Personal

racing in the rain

You may have heard me mention that Doug is putting together a car for the 24 hours of LeMons race at Infineon Raceway in March. Well, George and I are helping a bit (me a very little bit) working on the car and are also supposedly going to help drive the thing. A major concern with this plan, of course, is my total lack of experience and competence racing a full-sized car on a racetrack, especially in the presence of other people trying to do the same thing. I did one autocross long ago, but let’s just say that driving alone around cones in my 104HP Honda Civic hatchback probably doesn’t do a lot improve my status.

Well, all that changed today, ho boy! George and I went racing at Laguna Seca (he’s in the gray car on my left).

We signed up for a 4-hour “Intro to Racing” class at Skip Barber, which uses Laguna Seca near Monterey as one of their school locations. It was outrageously fun and terrifying, not least because it was pouring rain the entire time we were on the track. Each of us was outfitted with a Mazda Miata MX-5 Cup Car and followed an instructor (insultingly driving a pokey Mazda 3 much faster than us). We started slow, and did increasingly faster and faster laps around the full track.

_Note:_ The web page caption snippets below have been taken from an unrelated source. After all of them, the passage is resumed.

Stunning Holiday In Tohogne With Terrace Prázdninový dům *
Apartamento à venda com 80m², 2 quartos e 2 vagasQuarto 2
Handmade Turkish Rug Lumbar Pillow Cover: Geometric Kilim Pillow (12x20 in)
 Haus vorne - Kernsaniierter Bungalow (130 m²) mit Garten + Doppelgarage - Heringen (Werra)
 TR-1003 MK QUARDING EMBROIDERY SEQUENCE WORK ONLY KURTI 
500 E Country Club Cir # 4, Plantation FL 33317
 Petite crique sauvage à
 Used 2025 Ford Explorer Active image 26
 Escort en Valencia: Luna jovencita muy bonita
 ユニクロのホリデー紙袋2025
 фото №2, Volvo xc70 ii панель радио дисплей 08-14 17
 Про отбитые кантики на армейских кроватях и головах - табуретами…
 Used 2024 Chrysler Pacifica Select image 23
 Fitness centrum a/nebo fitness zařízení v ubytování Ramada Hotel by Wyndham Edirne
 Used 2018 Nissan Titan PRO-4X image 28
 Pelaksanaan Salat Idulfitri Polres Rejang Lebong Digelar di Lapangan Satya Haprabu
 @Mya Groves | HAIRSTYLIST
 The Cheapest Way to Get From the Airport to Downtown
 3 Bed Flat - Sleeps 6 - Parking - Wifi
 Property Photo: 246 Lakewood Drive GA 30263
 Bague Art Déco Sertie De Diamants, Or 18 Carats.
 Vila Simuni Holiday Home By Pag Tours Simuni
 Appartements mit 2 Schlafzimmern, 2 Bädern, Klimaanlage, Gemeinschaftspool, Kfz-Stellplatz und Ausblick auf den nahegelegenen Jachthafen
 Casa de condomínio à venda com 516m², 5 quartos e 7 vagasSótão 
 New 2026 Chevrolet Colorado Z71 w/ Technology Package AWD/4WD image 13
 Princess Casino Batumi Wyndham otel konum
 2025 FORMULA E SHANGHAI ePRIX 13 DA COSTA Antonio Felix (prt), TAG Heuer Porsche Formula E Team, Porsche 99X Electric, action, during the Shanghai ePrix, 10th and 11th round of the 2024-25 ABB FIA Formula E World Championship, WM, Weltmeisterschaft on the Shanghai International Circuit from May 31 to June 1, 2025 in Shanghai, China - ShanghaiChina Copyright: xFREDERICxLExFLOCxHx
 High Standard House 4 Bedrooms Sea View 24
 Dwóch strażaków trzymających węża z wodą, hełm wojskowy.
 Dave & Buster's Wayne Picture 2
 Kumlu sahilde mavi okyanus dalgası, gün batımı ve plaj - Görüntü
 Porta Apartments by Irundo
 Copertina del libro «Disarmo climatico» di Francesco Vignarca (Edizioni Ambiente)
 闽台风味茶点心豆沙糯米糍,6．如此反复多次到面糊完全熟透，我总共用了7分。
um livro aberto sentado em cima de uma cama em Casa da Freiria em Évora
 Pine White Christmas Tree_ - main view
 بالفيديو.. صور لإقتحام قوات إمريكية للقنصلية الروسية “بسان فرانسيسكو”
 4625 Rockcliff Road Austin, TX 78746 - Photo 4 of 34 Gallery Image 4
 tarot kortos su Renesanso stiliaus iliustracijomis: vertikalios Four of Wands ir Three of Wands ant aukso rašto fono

Just being on the track sort of fulfilled a lifelong fantasy of mine, because I’ve probably done at least 500 laps around Laguna Seca while playing Gran Turismo 3. In fact I actually said (out loud, while driving, about 5 times), “Oh shit I’m lapping at Laguna fucking Seca.” George and I agreed that it felt smaller in person than it did when playing a video game, but we both think we benefited from our minute acquaintance with every turn. Here we are just before the start (George ahead of me in 09):

The rain made everything hard, but also more worthwhile from a learning perspective. It was no problem at all to put the car into a skid with just a touch too much throttle too fast coming out of a turn, and I ended up in the gravel more than once. After I realized I wasn’t dead, I pulled it back on the track with a huge smile on my face. What a blast.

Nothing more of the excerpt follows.